Performance issues with hard disk reading

2019-04-10 10:44发布

问题:

I have a C++ program which reads files from the hard disk and does some processing on the data in the files. I am using standard Win32 APIs to read the files. My problem is that this program is blazingly fast some times and then suddenly slows down to 1/6th of the previous speed. If I read the same files again and again over multiple runs, then normally the first run will be the slowest one. Then it maintains the speed until I read some other set of files. So my obvious guess was to profile the disk access time. I used perfmon utility and measured the IO Read Bytes/sec for my program. And as expected there was a huge difference (~ 5 times) in the number of bytes read. My questions are:

(1). Does OS (Windows in my case) cache the recently read files somewhere so that the subsequent loads are faster?

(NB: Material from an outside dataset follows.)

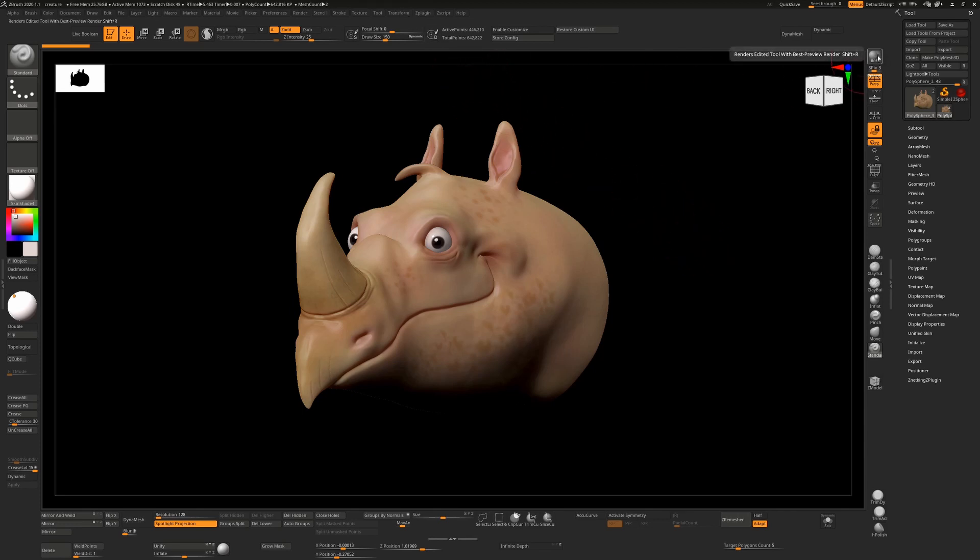From there, just press Shift-R, or hit this button up here, and that will do your BPR render, and that will generate a series of passes by default.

(2). If I can guarantee that all the files I read reside in the same directory then is there any way I can place them in the hard disk so that my disk access time is faster?

Is there anything I can do for this?

回答1:

1) Windows does cache recently read files in memory. The book Windows Internals includes an excellent description of how this works. Modern versions of Windows also use a technology called SuperFetch which will try to preemptively fetch disk contents into memory based on usage history and ReadyBoost which can cache to a flash drive, which allows faster random access. All of these will increase the speed with which data is accessed from disk after the initial run.

2) Directory really doesn't affect layout on disk. Defragmenting your drive will group file data together. Windows Vista on up will automatically defragment your disk. Ideally, you want to do large sequential reads and minimize your writes. Small random accesses and interleaving writes with reads significantly hurts performance. You can use the Windows Performance Toolkit to profile your disk access.



回答2:

Your numbered questions seem to be answered already. If you're still wondering what you can do to improve hard drive read speed, here are some tips:

  • Read with the OS functions (e.g., ReadFile) rather than wrapper libraries (like iostreams or stdio) if possible. Many wrappers introduce more levels of buffering.
  • Read sequentially, and let Windows know you're going to read sequentially with the FILE_FLAG_SEQUENTIAL_SCAN flag.
  • If you're only going to read (and not write), be sure to open the file just for reading.
  • Read in chunks, not bytes or characters.
  • Ideally the chunks should be multiples of the disk's cluster size.
  • Read from the disc at cluster-aligned offsets.
  • Read to memory at page-boundaries. (If you're allocating a big chunk, it's probably page aligned.)
  • Advanced: If you can start your computation after reading just the beginning the file, then you can used overlapped I/O to try to parallelize the computation and the subsequent reads as much as possible.


回答3:

Yes, Windows (and most modern OS's) keep recently read file data in otherwise unused RAM so that if that file data is requested again in the near future it will already be available in RAM and disk access can be avoided.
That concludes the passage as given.